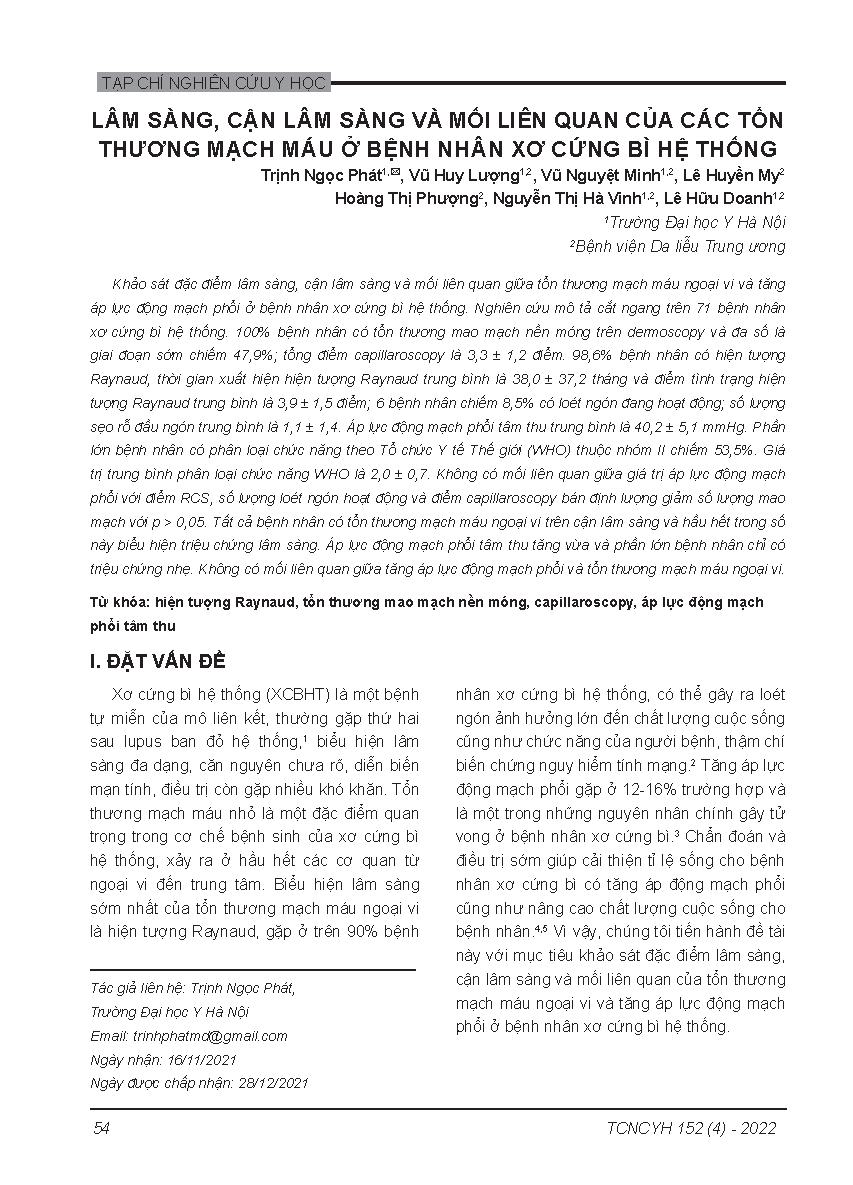 Lâm sàng, cận lâm sàng và mối liên quan của các tổn thương mạch máu ở bệnh nhân xơ cứng bì hệ thống = Clinical, subclinical features and correlation of vascular diseases in patients with systemic sclerosis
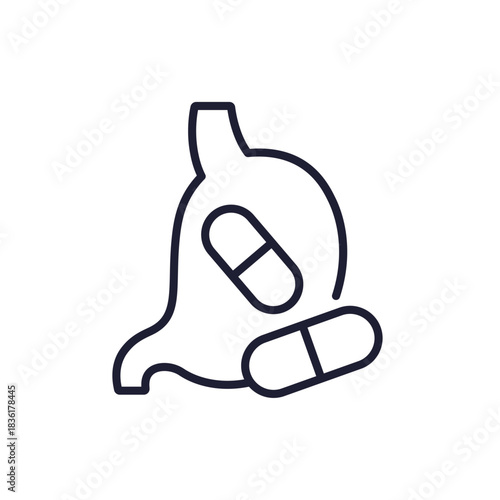 stomach pills icon, digestive enzyme supplements line vector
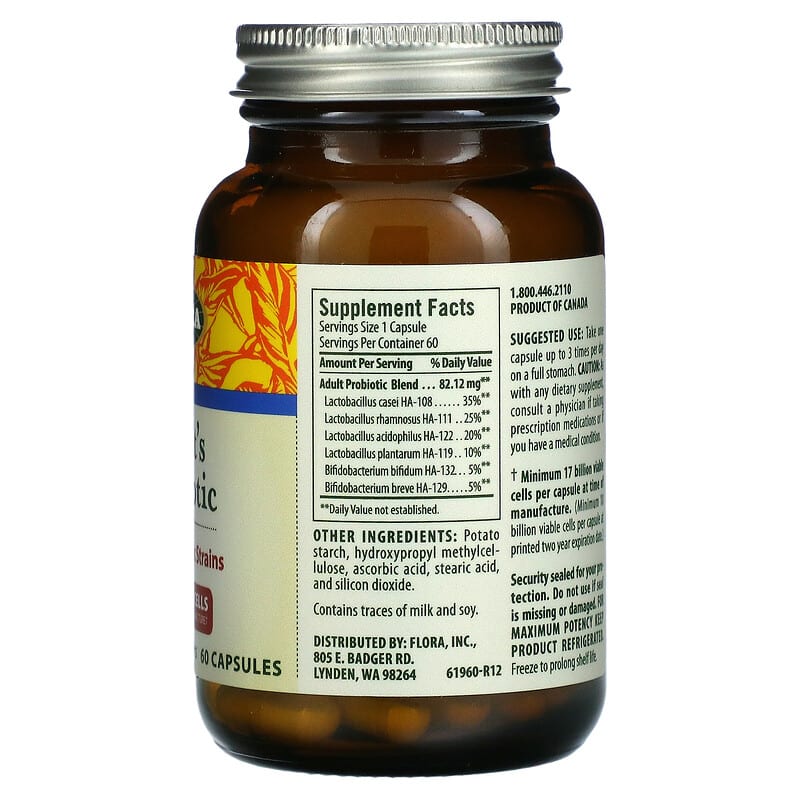 Flora, Adult's Probiotic, 17 Billion Cells, 60 Capsules 61998619605
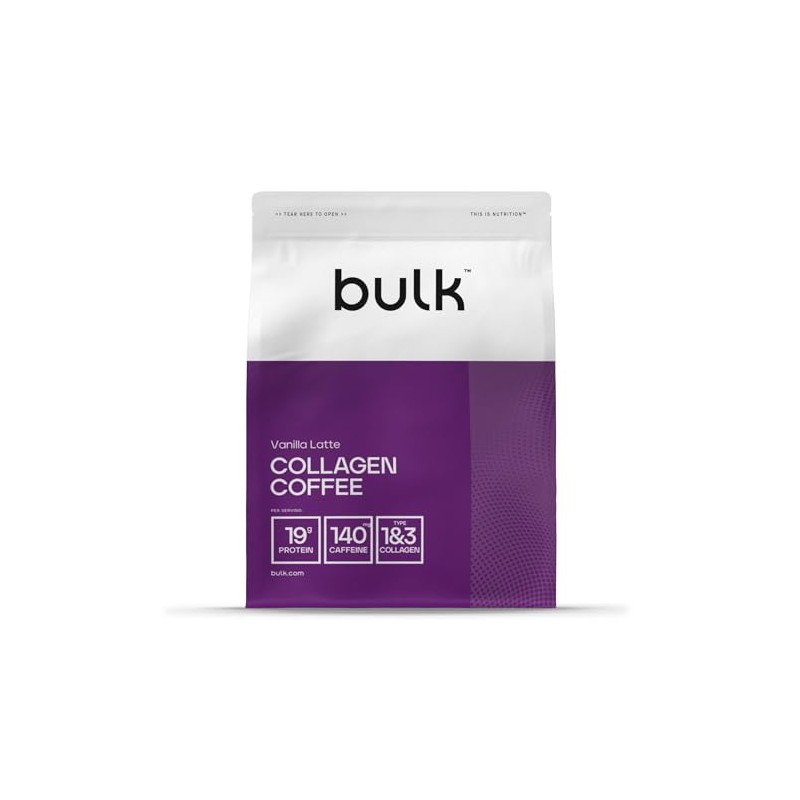 Bulk Collagen Coffee, High Protein, Vanilla Latte, 500 g, 20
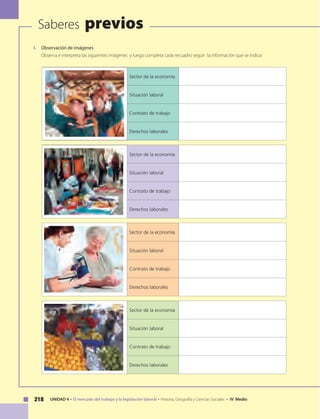 U N I D A D 1
218 UNIDAD 4 • El mercado del trabajo y la legislación laboral • Historia, Geografía y Ciencias Sociales • IV Medio
Saberes previos
I.	 Observación de imágenes
	 Observa e interpreta las siguientes imágenes y luego completa cada recuadro según la información que se indica:
Sector de la economía
Situación laboral
Contrato de trabajo
Derechos laborales
Sector de la economía
Situación laboral
Contrato de trabajo
Derechos laborales
Sector de la economía
Situación laboral
Contrato de trabajo
Derechos laborales
Sector de la economía
Situación laboral
Contrato de trabajo
Derechos laborales
 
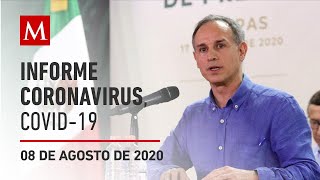 Informe diario por coronavirus en México, 08 de agosto de 2020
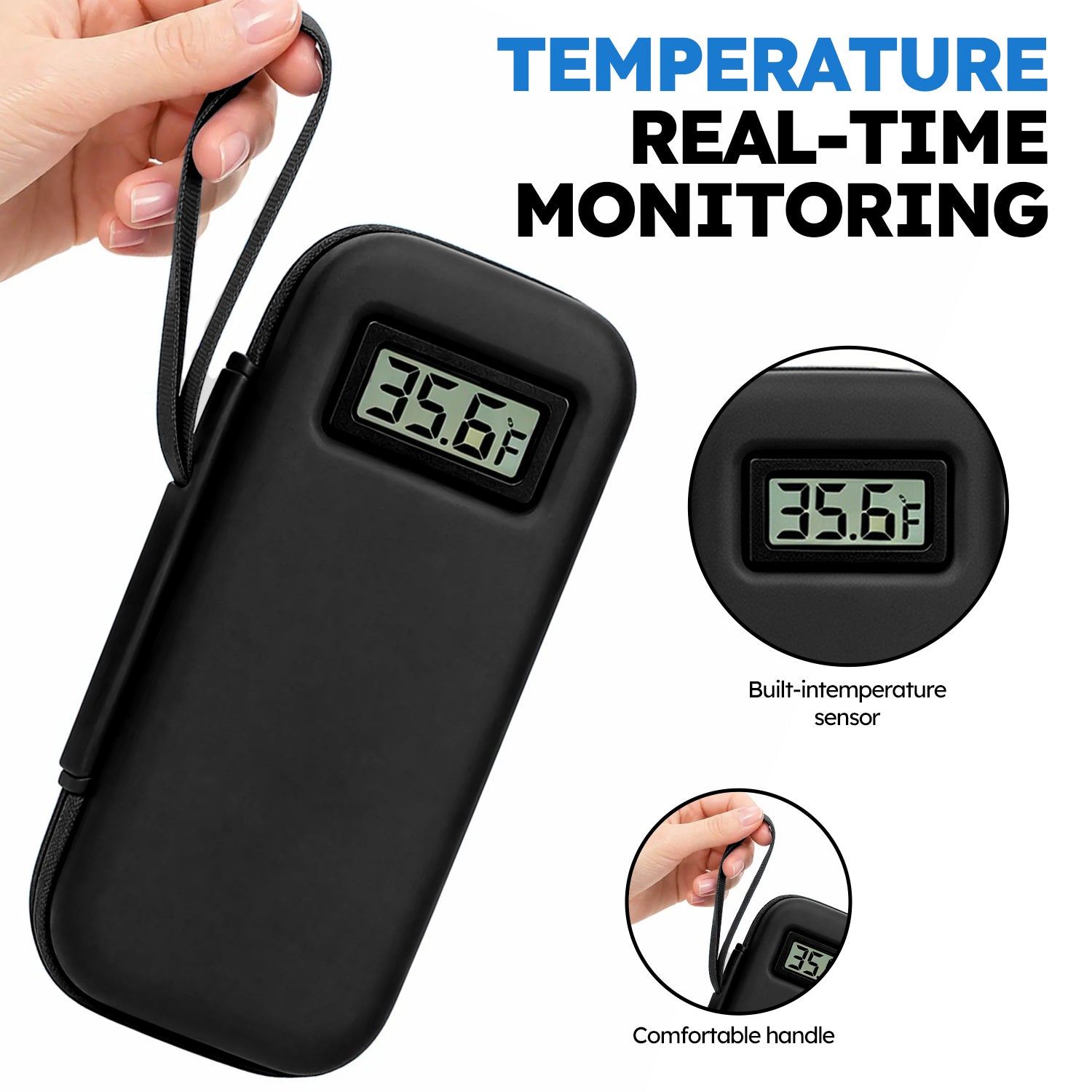 Smyeviva Insulin Cooler Travel Case Temperature Display with 2 TSA Approved Ice Packs Insulin Pen Cooler Case for Diabetic Insulin and Peptide Medication Cases (Black)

== == ==

=== Work to be completed ===
Copy the records exactly as they appear, leaving every picture out.

=== Result of this exercise ===
 Lâm sàng, cận lâm sàng và mối liên quan của các tổn thương mạch máu ở bệnh nhân xơ cứng bì hệ thống = Clinical, subclinical features and correlation of vascular diseases in patients with systemic sclerosis
 stomach pills icon, digestive enzyme supplements line vector
 Flora, Adult's Probiotic, 17 Billion Cells, 60 Capsules 61998619605
 Bulk Collagen Coffee, High Protein, Vanilla Latte, 500 g, 20
 U N I D A D 1
218 UNIDAD 4 • El mercado del trabajo y la legislación laboral • Historia, Geografía y Ciencias Sociales • IV Medio
Saberes previos
I.	 Observación de imágenes
	 Observa e interpreta las siguientes imágenes y luego completa cada recuadro según la información que se indica:
Sector de la economía
Situación laboral
Contrato de trabajo
Derechos laborales
Sector de la economía
Situación laboral
Contrato de trabajo
Derechos laborales
Sector de la economía
Situación laboral
Contrato de trabajo
Derechos laborales
Sector de la economía
Situación laboral
Contrato de trabajo
Derechos laborales
 
 Informe diario por coronavirus en México, 08 de agosto de 2020
 Smyeviva Insulin Cooler Travel Case Temperature Display with 2 TSA Approved Ice Packs Insulin Pen Cooler Case for Diabetic Insulin and Peptide Medication Cases (Black)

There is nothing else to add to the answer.